In the entries below, begin at the line with "画像ギャラリー No.001のサムネイル画像 /" and stop after the line with "校服定制app下载,学生订购校服平台小程序下载"; output those lines exactly and omit the pictures.

▶ **GIVEN RECORDS**:

________

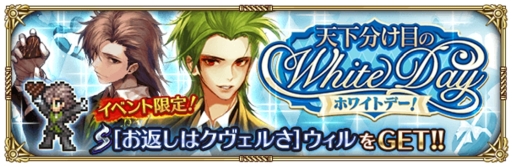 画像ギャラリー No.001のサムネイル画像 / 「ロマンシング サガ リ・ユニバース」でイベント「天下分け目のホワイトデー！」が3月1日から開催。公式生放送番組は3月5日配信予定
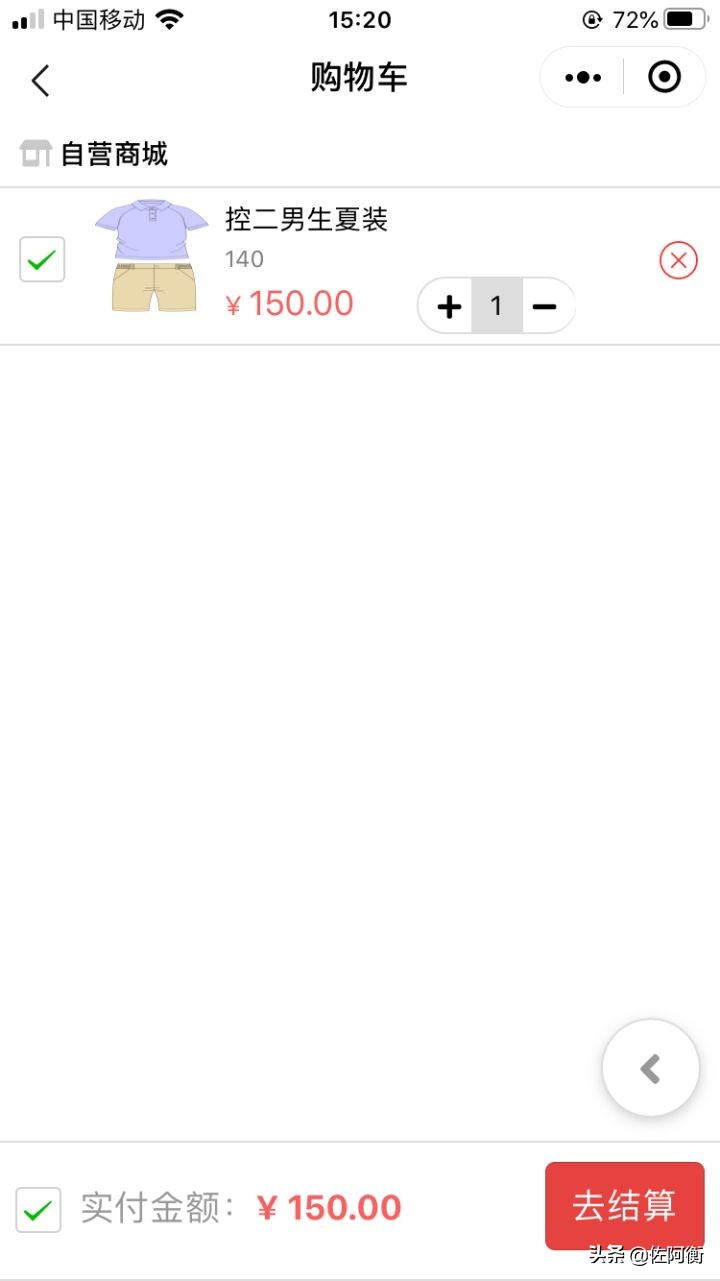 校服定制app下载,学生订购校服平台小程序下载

________

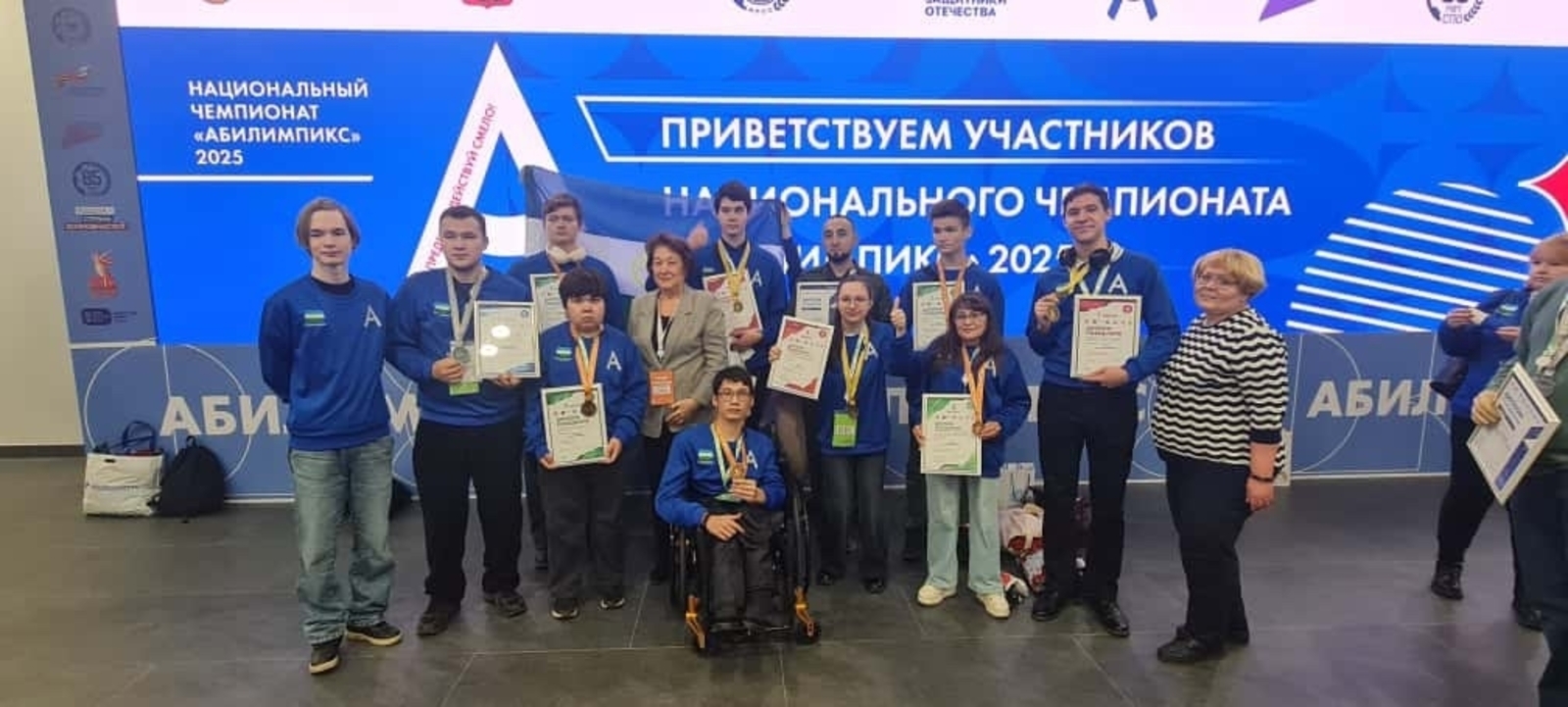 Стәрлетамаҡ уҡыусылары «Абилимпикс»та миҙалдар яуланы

________

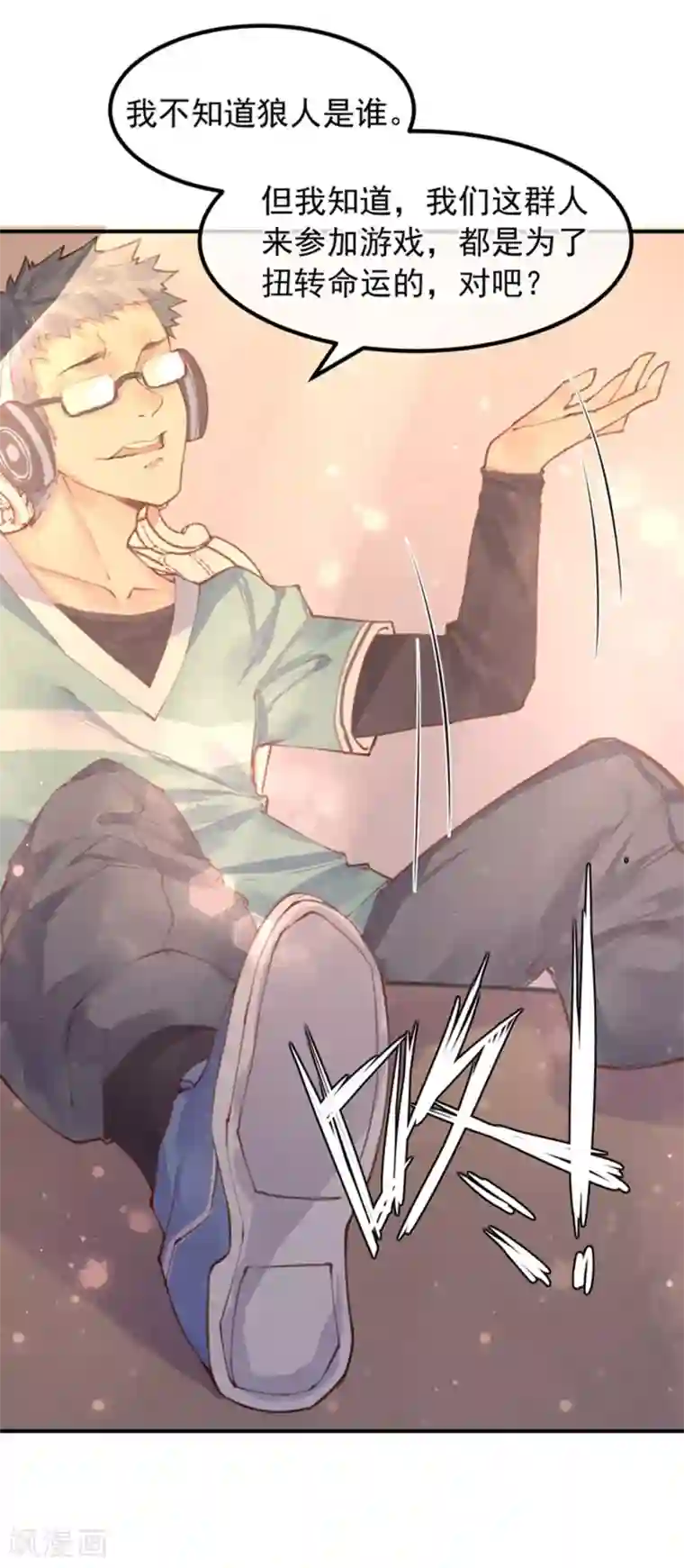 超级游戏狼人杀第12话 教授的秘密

________

▶ **TASK OUTPUT**:
 画像ギャラリー No.001のサムネイル画像 / 「ロマンシング サガ リ・ユニバース」でイベント「天下分け目のホワイトデー！」が3月1日から開催。公式生放送番組は3月5日配信予定
 校服定制app下载,学生订购校服平台小程序下载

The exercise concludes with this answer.